* [BRIEF] Set down the entries exactly as they appear, apart from the images, which stay out.
- Opening Delimiter -
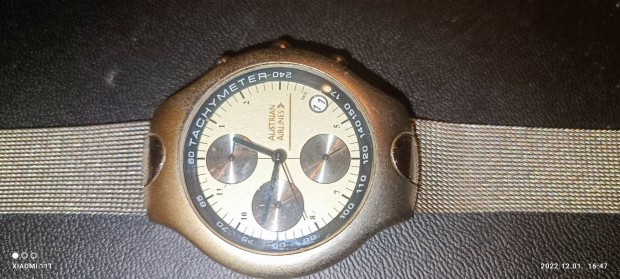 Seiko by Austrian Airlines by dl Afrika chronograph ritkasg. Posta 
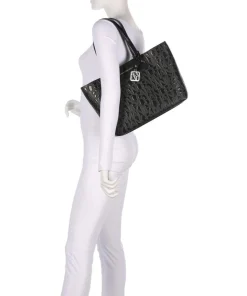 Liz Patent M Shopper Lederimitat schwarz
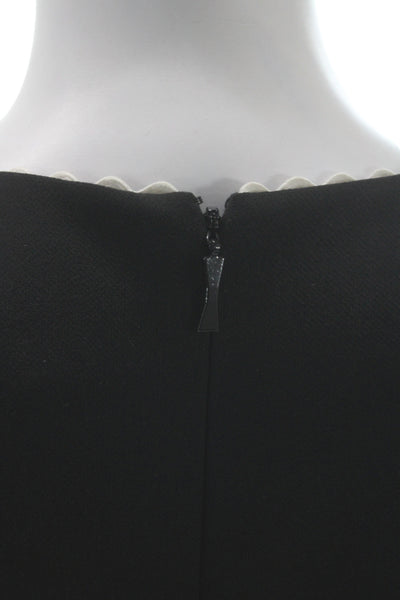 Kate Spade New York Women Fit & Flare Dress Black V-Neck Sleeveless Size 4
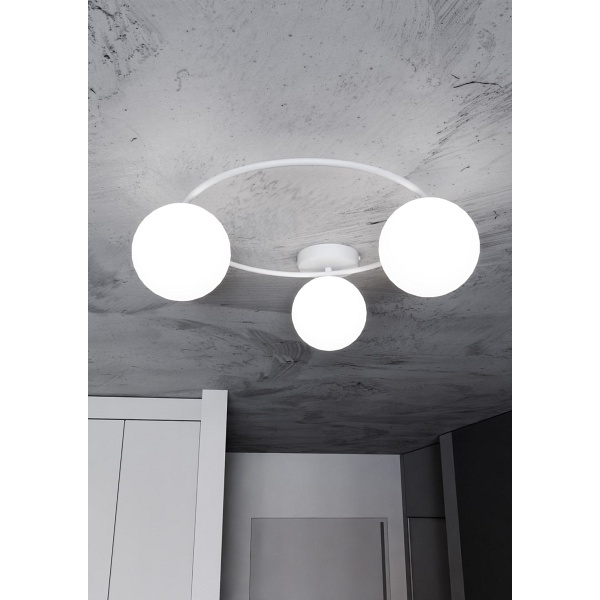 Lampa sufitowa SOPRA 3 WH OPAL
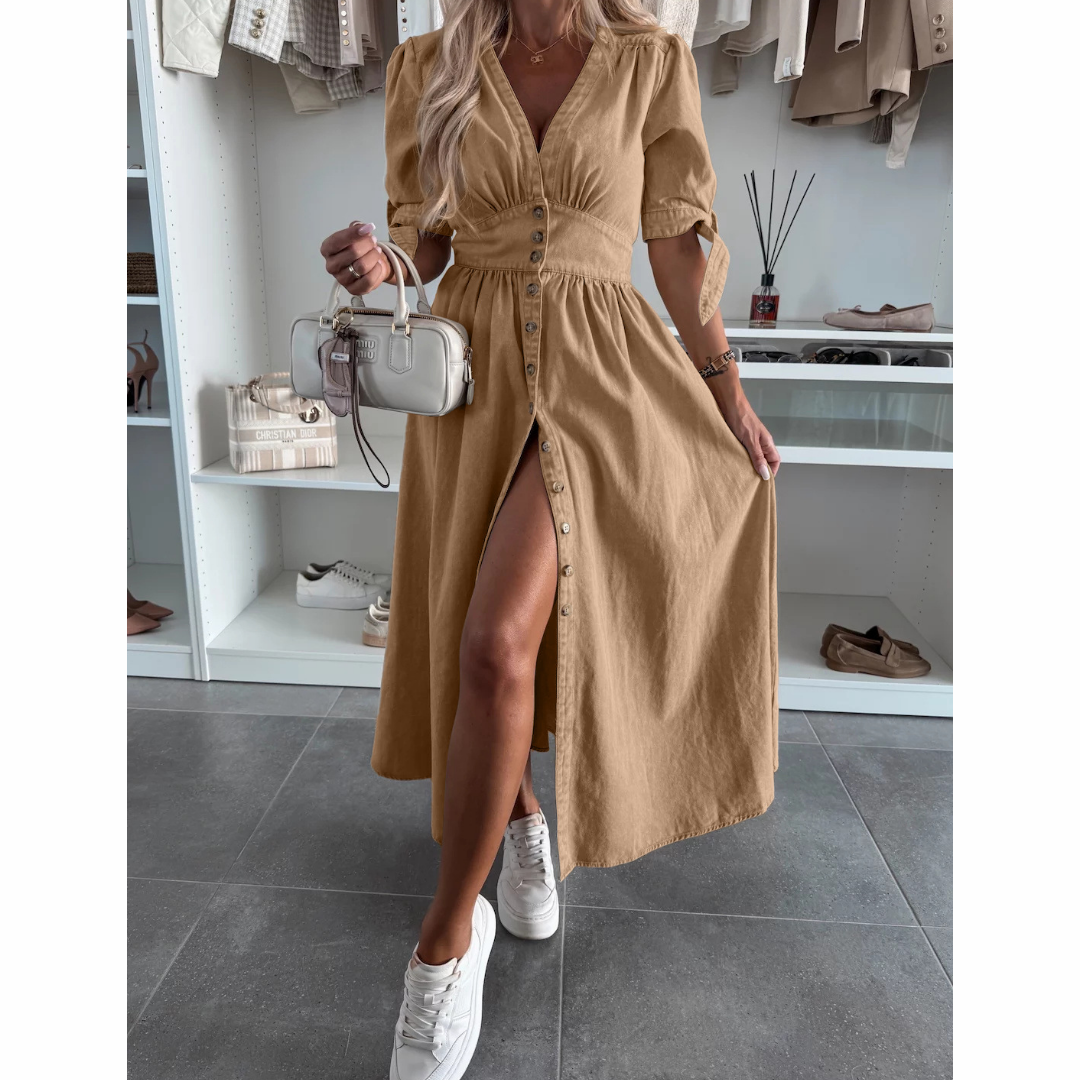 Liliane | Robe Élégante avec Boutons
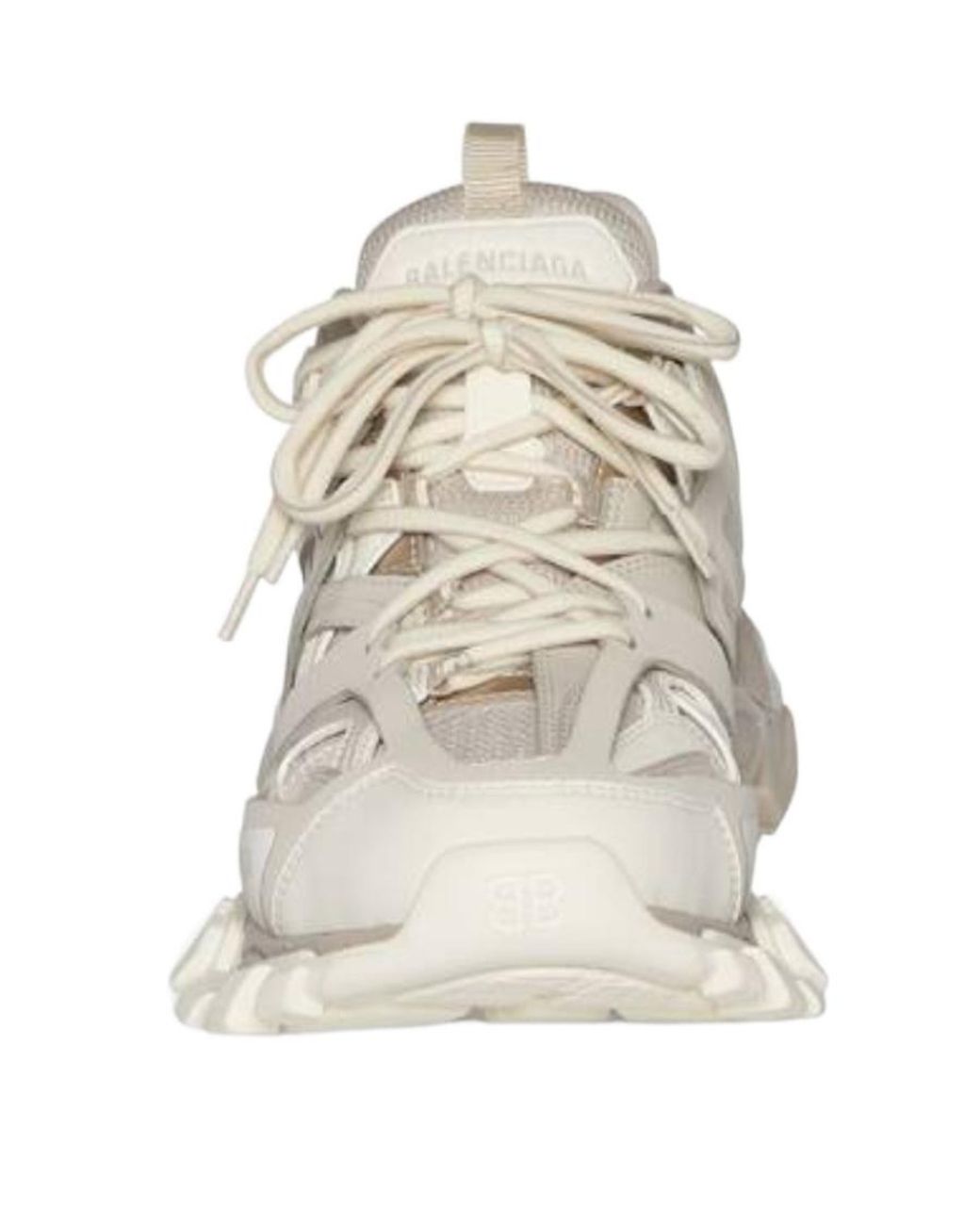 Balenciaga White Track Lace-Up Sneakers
- Closing Delimiter -
* [YOUR RESPONSE]
 Seiko by Austrian Airlines by dl Afrika chronograph ritkasg. Posta 
 Liz Patent M Shopper Lederimitat schwarz
 Kate Spade New York Women Fit & Flare Dress Black V-Neck Sleeveless Size 4
 Lampa sufitowa SOPRA 3 WH OPAL
 Liliane | Robe Élégante avec Boutons
 Balenciaga White Track Lace-Up Sneakers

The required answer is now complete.